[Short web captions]
= = = =

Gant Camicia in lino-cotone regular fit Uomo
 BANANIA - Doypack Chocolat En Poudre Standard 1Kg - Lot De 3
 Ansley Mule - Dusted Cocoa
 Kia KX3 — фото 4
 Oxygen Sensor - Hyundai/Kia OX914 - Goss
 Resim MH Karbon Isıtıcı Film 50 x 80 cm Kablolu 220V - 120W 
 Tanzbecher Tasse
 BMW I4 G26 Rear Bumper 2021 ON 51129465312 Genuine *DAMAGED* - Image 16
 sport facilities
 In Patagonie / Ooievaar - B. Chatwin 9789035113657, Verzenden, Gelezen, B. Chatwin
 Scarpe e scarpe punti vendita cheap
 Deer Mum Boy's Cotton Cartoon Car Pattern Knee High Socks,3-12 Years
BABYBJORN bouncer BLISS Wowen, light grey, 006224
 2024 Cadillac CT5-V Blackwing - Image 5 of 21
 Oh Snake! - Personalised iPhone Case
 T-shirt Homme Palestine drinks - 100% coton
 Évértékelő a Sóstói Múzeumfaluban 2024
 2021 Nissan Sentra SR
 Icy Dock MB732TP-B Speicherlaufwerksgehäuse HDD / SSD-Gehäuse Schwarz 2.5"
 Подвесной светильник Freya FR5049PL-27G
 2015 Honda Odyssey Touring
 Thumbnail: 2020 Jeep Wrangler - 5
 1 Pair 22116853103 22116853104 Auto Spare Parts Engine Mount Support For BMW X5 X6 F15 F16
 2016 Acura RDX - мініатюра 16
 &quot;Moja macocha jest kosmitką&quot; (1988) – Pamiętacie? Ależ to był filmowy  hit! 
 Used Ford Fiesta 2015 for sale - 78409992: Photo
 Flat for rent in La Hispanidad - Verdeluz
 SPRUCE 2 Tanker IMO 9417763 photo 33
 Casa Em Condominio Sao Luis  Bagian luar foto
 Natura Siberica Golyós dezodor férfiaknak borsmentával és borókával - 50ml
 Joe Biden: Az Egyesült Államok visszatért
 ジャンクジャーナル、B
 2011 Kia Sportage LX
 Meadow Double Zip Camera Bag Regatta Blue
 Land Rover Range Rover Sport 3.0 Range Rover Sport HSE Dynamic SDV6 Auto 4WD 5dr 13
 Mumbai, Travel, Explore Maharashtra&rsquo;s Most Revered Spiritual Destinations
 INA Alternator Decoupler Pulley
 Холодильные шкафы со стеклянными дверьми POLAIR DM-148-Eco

= = = =

■ Description of the task:
When copying the data above, please keep exactly the lines from its first line through the line with "Meadow Double Zip Camera Bag Regatta Blue", both ends included, and drop the rest.

■ Output below:
Gant Camicia in lino-cotone regular fit Uomo
 BANANIA - Doypack Chocolat En Poudre Standard 1Kg - Lot De 3
 Ansley Mule - Dusted Cocoa
 Kia KX3 — фото 4
 Oxygen Sensor - Hyundai/Kia OX914 - Goss
 Resim MH Karbon Isıtıcı Film 50 x 80 cm Kablolu 220V - 120W 
 Tanzbecher Tasse
 BMW I4 G26 Rear Bumper 2021 ON 51129465312 Genuine *DAMAGED* - Image 16
 sport facilities
 In Patagonie / Ooievaar - B. Chatwin 9789035113657, Verzenden, Gelezen, B. Chatwin
 Scarpe e scarpe punti vendita cheap
 Deer Mum Boy's Cotton Cartoon Car Pattern Knee High Socks,3-12 Years
BABYBJORN bouncer BLISS Wowen, light grey, 006224
 2024 Cadillac CT5-V Blackwing - Image 5 of 21
 Oh Snake! - Personalised iPhone Case
 T-shirt Homme Palestine drinks - 100% coton
 Évértékelő a Sóstói Múzeumfaluban 2024
 2021 Nissan Sentra SR
 Icy Dock MB732TP-B Speicherlaufwerksgehäuse HDD / SSD-Gehäuse Schwarz 2.5"
 Подвесной светильник Freya FR5049PL-27G
 2015 Honda Odyssey Touring
 Thumbnail: 2020 Jeep Wrangler - 5
 1 Pair 22116853103 22116853104 Auto Spare Parts Engine Mount Support For BMW X5 X6 F15 F16
 2016 Acura RDX - мініатюра 16
 &quot;Moja macocha jest kosmitką&quot; (1988) – Pamiętacie? Ależ to był filmowy  hit! 
 Used Ford Fiesta 2015 for sale - 78409992: Photo
 Flat for rent in La Hispanidad - Verdeluz
 SPRUCE 2 Tanker IMO 9417763 photo 33
 Casa Em Condominio Sao Luis  Bagian luar foto
 Natura Siberica Golyós dezodor férfiaknak borsmentával és borókával - 50ml
 Joe Biden: Az Egyesült Államok visszatért
 ジャンクジャーナル、B
 2011 Kia Sportage LX
 Meadow Double Zip Camera Bag Regatta Blue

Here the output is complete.